Exercise: Below is a listing; transcribe it exactly but without any images.

Data provided:

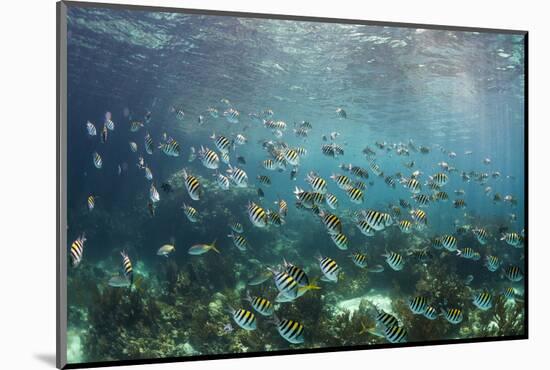 Sergeant Major Fish School Near Coral Reef with Sunrays in Background, Bahamas-James White-Mounted Photographic Print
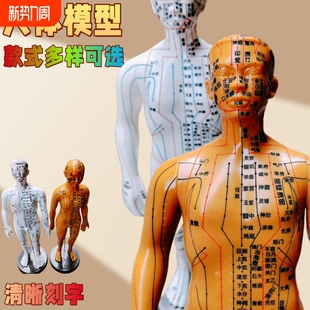 针灸穴位人体模型中医经络小铜人十二经络人体模型男女全身穴位人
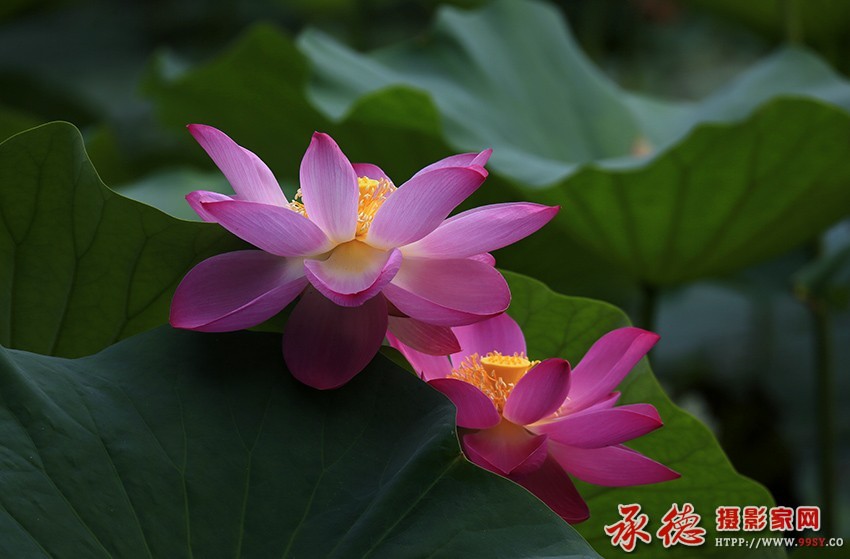 159【2016荷赛】伴侣  - 陪你去听风.jpg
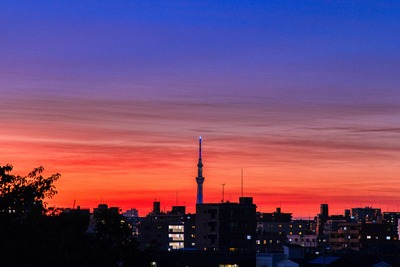 なぎさ公園から見た夕焼けと東京スカイツリー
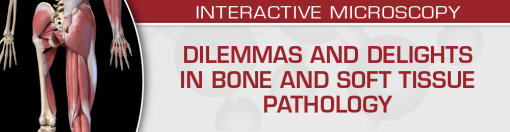 Dilemmas and Delights in Bone and Soft Tissue Pathology 2023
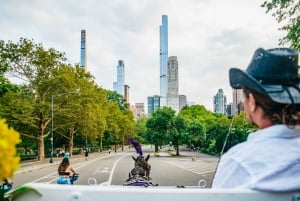 NYC: Guided Central Park Horse Carriage Ride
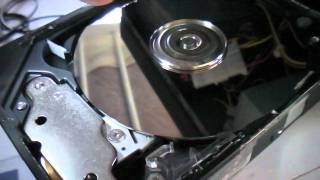 Maxtor 2F020J0 Hard Disk Drive Exposed [upl. by Parker]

Solution to this problem:
 Sergeant Major Fish School Near Coral Reef with Sunrays in Background, Bahamas-James White-Mounted Photographic Print
 针灸穴位人体模型中医经络小铜人十二经络人体模型男女全身穴位人
 159【2016荷赛】伴侣  - 陪你去听风.jpg
 なぎさ公園から見た夕焼けと東京スカイツリー
 Dilemmas and Delights in Bone and Soft Tissue Pathology 2023
 NYC: Guided Central Park Horse Carriage Ride
 Maxtor 2F020J0 Hard Disk Drive Exposed [upl. by Parker]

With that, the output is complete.